This is not @pwd_mkdb's logic though, it's you who brought this to the extreme.

Not really. @pwd_mkdb said he defines readability as "less code to read".

If that's the only criterion, then the parent just followed the logic. Or let's put it another way, if the definition of readability can't survive taking it to the extreme, it is flawed.

> If that's the only criterion, then the parent just followed the logic.

wodenokoto offered up some reductio ad absurdum and you are calling it logic.

It was not the only criterion. It was the only criterion that was explicit. There are implied criterion and most of us understand what pwd_mkdb means even if we don't necessarily agree with him.

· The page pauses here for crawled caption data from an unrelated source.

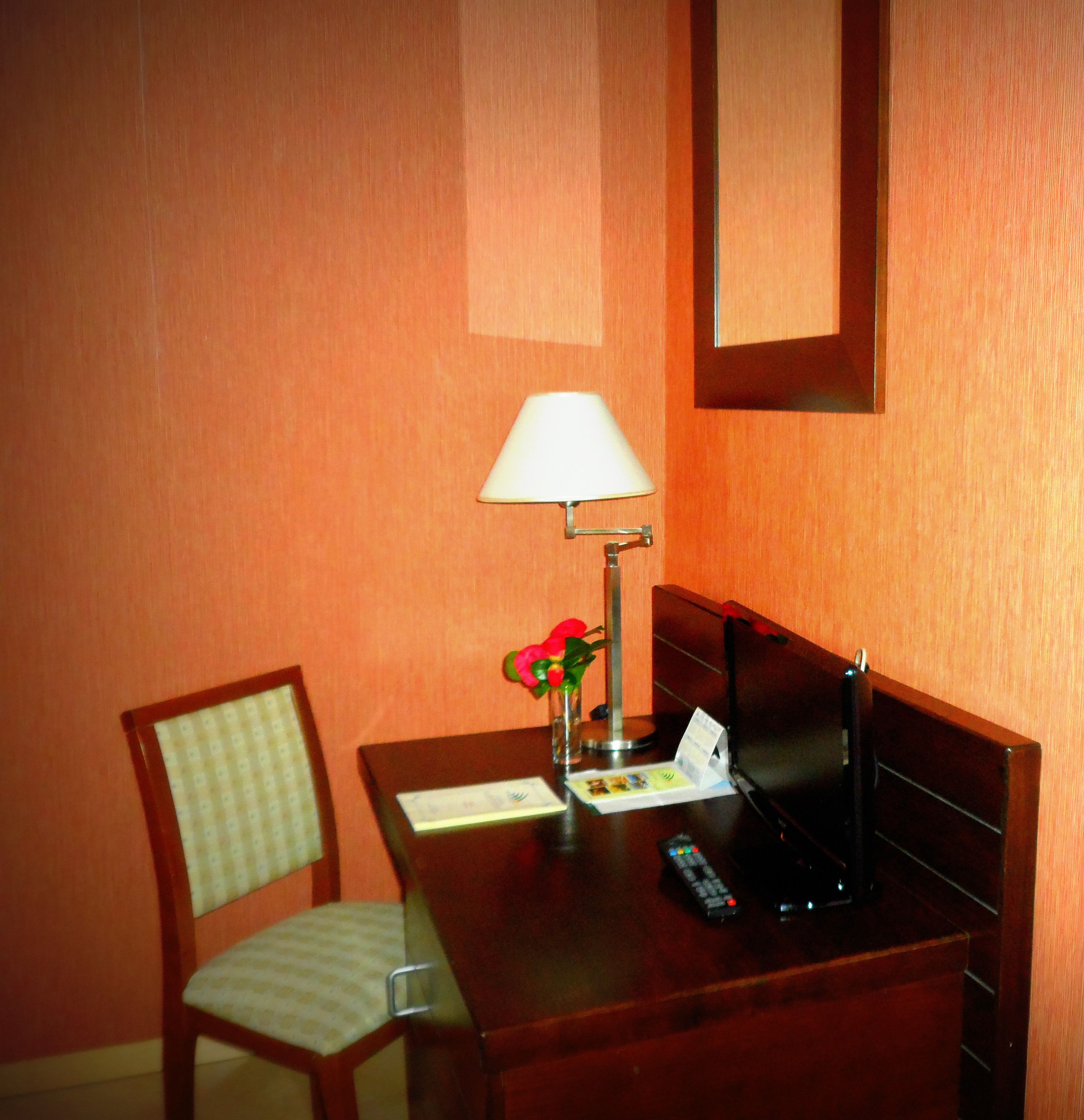 standard single room | in-room business centre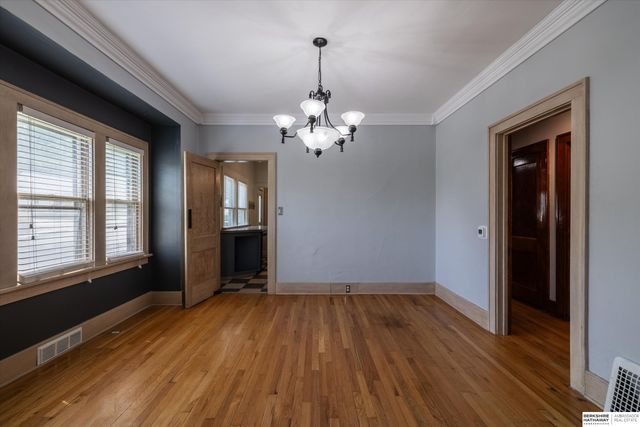 926 S 51st Avenue, Omaha, NE 68106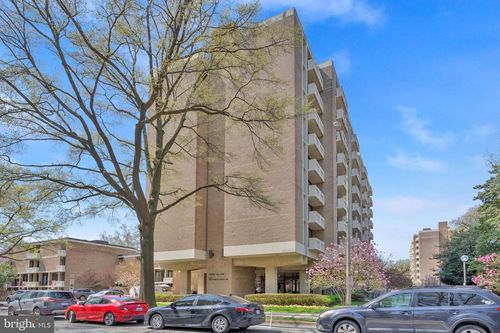 e210-1245 4th St Sw, WASHINGTON, DC, 20024-2352 | Card Image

>It was the only criterion that was explicit.

Well, even in itself, it is wrong.

It's not just that other criteria apply too -- it's that it alone needs several caveats, as succinctness is quite orthogonal to readability (e.g. sometimes even needless boilerplate syntax that the compiler could infer by itself, make for better readability when present).

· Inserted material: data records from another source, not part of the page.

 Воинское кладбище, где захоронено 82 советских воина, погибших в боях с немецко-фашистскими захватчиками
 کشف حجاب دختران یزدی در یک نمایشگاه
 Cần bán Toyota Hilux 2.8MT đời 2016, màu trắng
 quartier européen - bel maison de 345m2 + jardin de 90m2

> Well, even in itself, it is wrong.

I am not in disagreement with you about whether it is wrong, I am in disagreement with you about why it is wrong.

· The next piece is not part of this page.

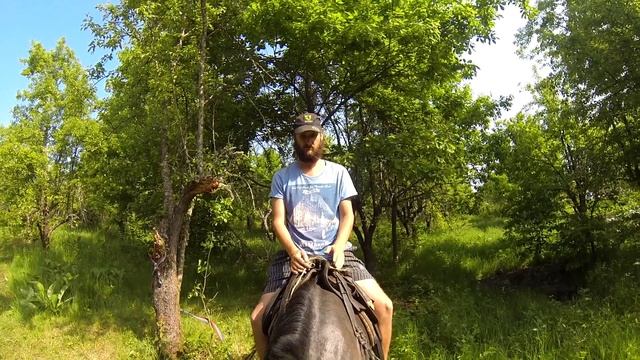 Как оседлать лошадь, как надеть уздечку, как ездить верхом /Семья Саверченко смотреть онлайн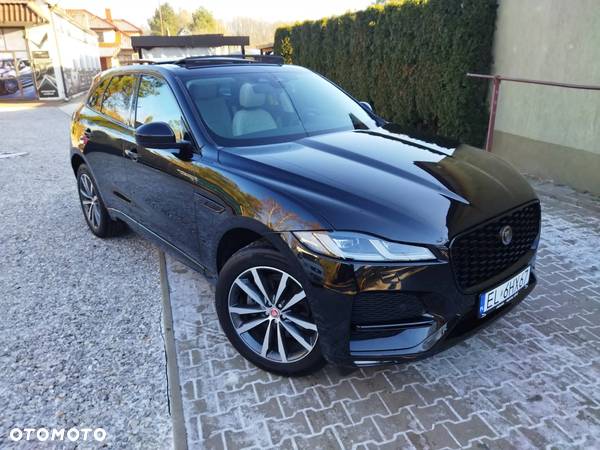 Jaguar F-Pace P250 AWD R-Dynamic Black - 18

The counter argument was that Y is wrong and X is Y, therefore X is wrong. While this is a valid argument, it is not sound, because X is not Y.

> ... succinctness is quite orthogonal to readability ...

There is a relationship between succinctness and readability. The relationship is definitely not directly proportional as the pwd_mkdb's post could be read to imply, but to say there is no relationship between the two is flatly absurd.

I define readability the same way the Linux kernel style guide does: Avoid tricky expressions.

Something very 'readable' is something read and understood easily. Python is considered very readable, for example. I would not consider Python verbose. C++ Template programming is verbose and it is not particularly pleasant to read. At the same, APL or J or something can be very concise and is largely unreadable to most. Notice how Python, which is considered by most to be readable, is somewhere in between.

If the command is as short as "echo 'found'", then that one-liner is easier, but if it's a nice, lengthy command, I find the 'full' version easier to read.

Is ts cmmt esr t rd?

Is it "more readable" or "more familiar to you"? They're both familiar to me and I find them equally readable.

Concision gets you fewer places to possibly have a bug, and fewer things to possibly miss/misunderstand.

Bash is the love of my life! I have been working for years on this problem now (not full-time of course), gradually moving in the direction of finally being able to challenge this:

"Inappropriate use

shell is the main domain specific language designed to manipulate the UNIX abstractions for data and logic, i.e. files and processes. ... Correspondingly, please be wary of writing scripts that deviate from these abstractions, and have significant data manipulation in the shell process itself. While flexible, shell is not designed as a general purpose language and becomes unwieldly when ... "

Another person has actually solved the most important show stopper already: http://ctypes.sh.

What now remains to be solved, are a few minor, additional details, and then simply writing a good manual of how to very successfully use bash as a general-purpose language.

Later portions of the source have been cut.